Selama pengeboran lumpur bertekanan tinggi dan formasi Pucangan sudah berusaha
menerobos tetapi dapat diatasi dengan pompa lumpur Lapindo. Berdasarkan
beberapa pendapat ahli lumpur keluar disebabkan karena adanya patahan, banyak
tempat di sekitar Jawa Timur sampai Madura.
Berikut kronologi terjadinya semburan panas Lumpur Lapindo:
5 Juni 2006:
Semburan lumpur panas meluas hingga menutupi hamparan sawah seluas lebih 12
hektar yang masuk dalam wilayah Desa Renokenongo dan Jatirejo. Akibat dari
peristiwa ini dilaporkan pohon dan tumbuhan di sekitar lokasi yang tergenang seperti
pohon sengon, pisang, dan bambu serta rumput alang-alang mulai mengering.
Besarnya semburan lumpur yang keluar dari perut bumi juga menyebabkan
ketinggian lumpur sedikit lebih tinggi dari badan jalan Tol Surabaya-Gempol
Kilometer 38. Dari peristiwa ini, sebagian penduduk Dusun Siring Tangunan dan
Dusun Renomencil berjumlah 188 KK atau 725 Jiwa terpaksa mengungsi ke Balai
Desa Renokenongo dan Pasar Baru Porong.
7 Juni 2006:
Semburan lumpur panas semakin membesar dan mulai mendekati pinggir bagian
Timur di Desa Siring sehingga mengancam pemukiman penduduk di desa tersebut.

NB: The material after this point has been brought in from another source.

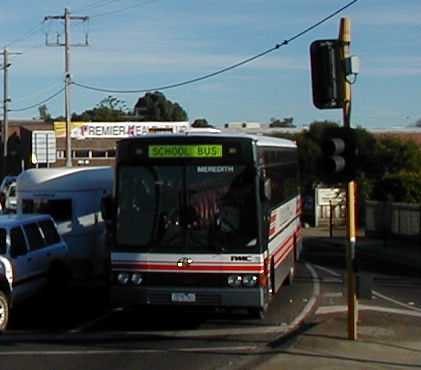 McHarry's Hino PMC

Kondisi ini terus memprihatinkan karena semakin hari debit lumpur yang keluar dari
perut bumi semakin membesar hingga akhirnya pada 7 Juli 2006, lumpur mulai
menggenangi areal pemukiman penduduk dusun Renomencil Desa Renokenongo
dan Dusun Siring Tangungan, Desa Siring. Akibat dari peristiwa ini 993 KK atau
3815 Jiwa terpaksa mengungsi ke Pasar Baru Porong, atau ke rumah-rumah sanak
famili yang tersebar di sejumlah tempat.
10 Juli 2006:
Lumpur mulai menggenangi areal persawahan bagian Selatan lokasi semburan yang
berbatasan dengan Desa Jatirejo, di kawasan itu juga terdapat sejumlah pabrik.
12 Juli 2006:
Lumpur panas mulai menggenangi areal pemukiman Desa Jatirejo dan
Kedungbendo akibat tanggul-tanggul penahan lumpur di Desa Renokenongo dan
Siring tidak mampu menahan debit lumpur yang semakin membesar.
Agustus 2006:
Luapan lumpur ini telah menggenangi sejumlah desa/kelurahan di Kecamatan
Porong, Jabon, dan Tanggulangin, dengan total warga yang dievakuasi sebanyak
lebih dari 8.200 jiwa dan tak kurang 25.000 jiwa mengungsi. Tak kurang 10.426 unit
rumah terendam lumpur dan 77 unit rumah ibadah terendam lumpur. Lahan dan
ternak yang tercatat terkena dampak lumpur adalah lahan tebu seluas 25,61 ha di
Renokenongo, Jatirejo dan Kedungcangkring, lahan padi seluas 172,39 ha di Siring,
Renokenongo, Jatirejo, Kedungbendo, Sentul, Besuki Jabon dan Pejarakan Jabon,
serta 1.605 ekor unggas, 30 ekor kambing, 2 sapi dan 7 ekor kijang. Sekitar 30 pabrik
yang tergenang terpaksa menghentikan aktivitas produksi dan merumahkan ribuan
tenaga kerja. Tercatat 1.873 orang tenaga kerja yang terkena dampak lumpur ini.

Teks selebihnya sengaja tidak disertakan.